Your answer is a number only: how many lines in the data below contain "Women"?

**Exercise data:**

□ □ □ □

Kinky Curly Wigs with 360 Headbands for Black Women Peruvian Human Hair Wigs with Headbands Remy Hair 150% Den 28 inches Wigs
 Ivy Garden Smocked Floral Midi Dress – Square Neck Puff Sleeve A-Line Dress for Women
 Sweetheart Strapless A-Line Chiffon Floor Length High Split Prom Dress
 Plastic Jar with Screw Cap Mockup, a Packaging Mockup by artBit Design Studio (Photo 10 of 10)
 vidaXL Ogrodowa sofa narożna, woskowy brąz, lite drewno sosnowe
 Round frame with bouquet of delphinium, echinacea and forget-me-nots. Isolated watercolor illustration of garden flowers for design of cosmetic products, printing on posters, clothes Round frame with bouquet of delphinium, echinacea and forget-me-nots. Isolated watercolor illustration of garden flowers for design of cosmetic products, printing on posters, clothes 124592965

□ □ □ □

**Reply:**
2